Later on in the article, it is suggested that because these provisions define greenhouse gases as a set of air pollutants, this makes clear that GHGs may be considered air pollutants under the Act, and that this will be "'a powerful disincentive' to new lawsuits." Don't bet on it.
In Massachusetts v. EPA the Supreme Court concluded that the CAA's definition of "air pollutant" is sufficiently broad to include greenhouse gases, at least for the purposes of Section 202. This conclusion was reaffirmed in the Supreme Court's UARG v. EPA decision, albeit with the important caveat that just because GHGs are air pollutants under some provisions of the CAA, they are not air pollutants under other portions of the Act.

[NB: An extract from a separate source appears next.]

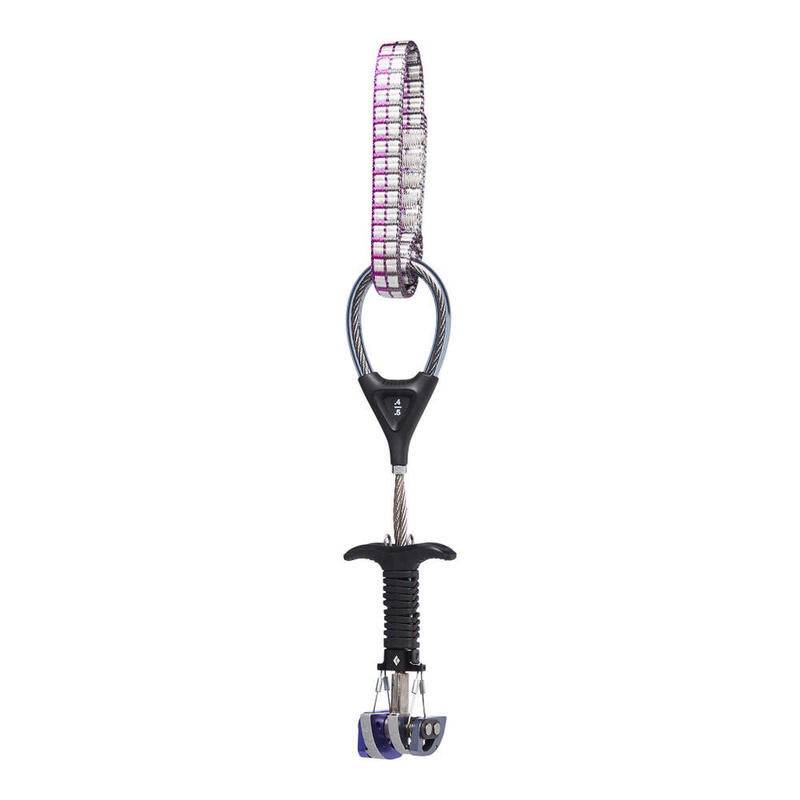 Friend Black Diamond Camalot Z4 Offset 0.4-0.5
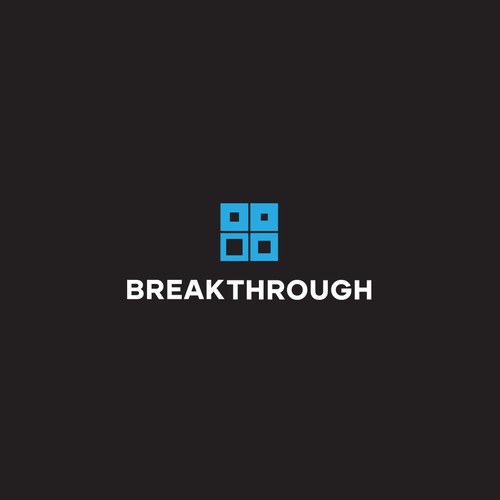 Designs | Breakthrough | Logo design contest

The new IRA provisions are certainly consistent with the Mass v. EPA holding, but they are consistent with the UARG holding as well. Indeed, because the relevant definitional provisions in the IRA are all section-specific, they actually reinforce UARG's conclusion that GHGs may be air pollutants for some portions of the Act, but not others. In other words, these provisions will not stop red-state AGs and others from challenging efforts to regulate GHGs through provisions of the CAA that had not been used previously for that purpose. There is one provision in the IRA that references EPA's use of "existing authorities" of the CAA to reduce GHGs, but that too is as consistent with UARG and WVa. as it is with Mass v. EPA, and so does not move the needle much either.

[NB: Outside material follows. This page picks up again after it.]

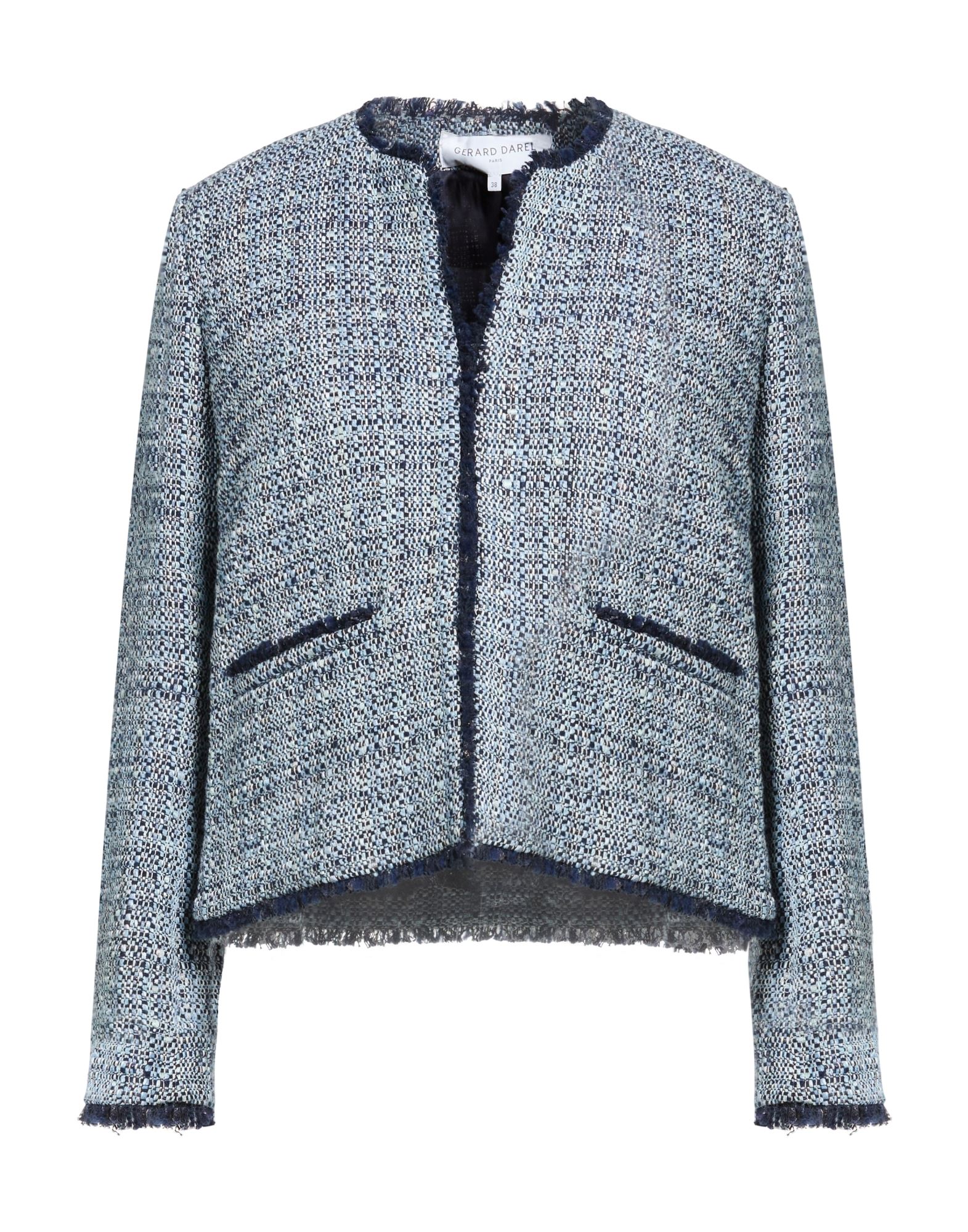 GERARD DAREL GERARD DAREL ΠΑΛΤΟ & ΤΖΑΚΕΤ Μπουφάν και τζάκετ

These provisions are not going to discourage litigation, nor do they do much of anything to protect future EPA regulation of GHGs from legal attack. Serious challenges to future EPA regulations will not seek to overturn Mass v. EPA or claim that the EPA has no authority to regulate GHGs. Rather, these suits will (as in UARG) challenge the EPA's authority to regulate GHGs under specific provisions of the CAA, argue that the EPA's regulations are arbitrary or unreasonable, or (as in WVA v. EPA) that the manner in which the EPA is seeking to regulate GHGs exceeds the scope of the EPA's power. Nothing in the IRA will help the EPA fend against these sorts of arguments.
It is fair to argue that the IRA evinces Congress's intention that the EPA concern itself with greenhouse gas emissions, including from the power sector. But that's not the terrain upon which future challenges to EPA regulation of greenhouse gases will be fought. If, for example, the EPA responds to WVa v. EPA by issuing new regulations mandating co-firing or the use of carbon capture technology at coal-fired power plants, those rules will be challenged on various grounds, and some of these challenges will be serious, but the serious challenges will not include the claim that GHGs cannot be air pollutants under the CAA.

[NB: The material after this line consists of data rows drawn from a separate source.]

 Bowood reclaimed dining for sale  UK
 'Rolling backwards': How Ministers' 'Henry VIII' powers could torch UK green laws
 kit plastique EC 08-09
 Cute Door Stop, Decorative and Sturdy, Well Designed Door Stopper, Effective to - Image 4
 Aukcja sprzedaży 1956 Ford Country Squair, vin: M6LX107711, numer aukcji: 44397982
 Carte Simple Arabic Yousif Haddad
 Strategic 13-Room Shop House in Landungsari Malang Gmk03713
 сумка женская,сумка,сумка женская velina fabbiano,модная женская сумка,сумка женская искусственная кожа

There is one way there IRA may help the EPA make new regulations stick, but it has nothing to do with the new CAA language hyped by the NYT. That is that insofar as the IRA's subsidies reduce the costs of reducing GHG emissions, the EPA may be able to adopt more aggressive regulations without risking judicial invalidation. (Robinson Meyer notes this point here, though I disagree with those portions of the article that echo the NYT's mistaken analysis.)
One other (somewhat pedantic) point about the NYT story is that it misrepresents how endangerment works for purposes of triggering regulation under the CAA. The story claims that the EPA's 2009 conclusion that GHGs could be reasonably anticipated to endanger health or welfare "meant carbon dioxide could be legally defined as a pollutant and regulated." This is backwards. It is not that something must be considered dangerous before it can be considered an air pollutant under the Act. Rather, if something is an air pollutant (because it satisfies the Act's definition, which does not require dangerousness), then the EPA may regulate that pollutant under certain CAA provisions if the EPA subsequently concludes that emissions of that pollutant cause or contribute to air pollution that may endanger health or welfare. In other words, just because something is an air pollutant under the Act does not necessarily mean that it is dangerous or that the EPA can or must regulate it.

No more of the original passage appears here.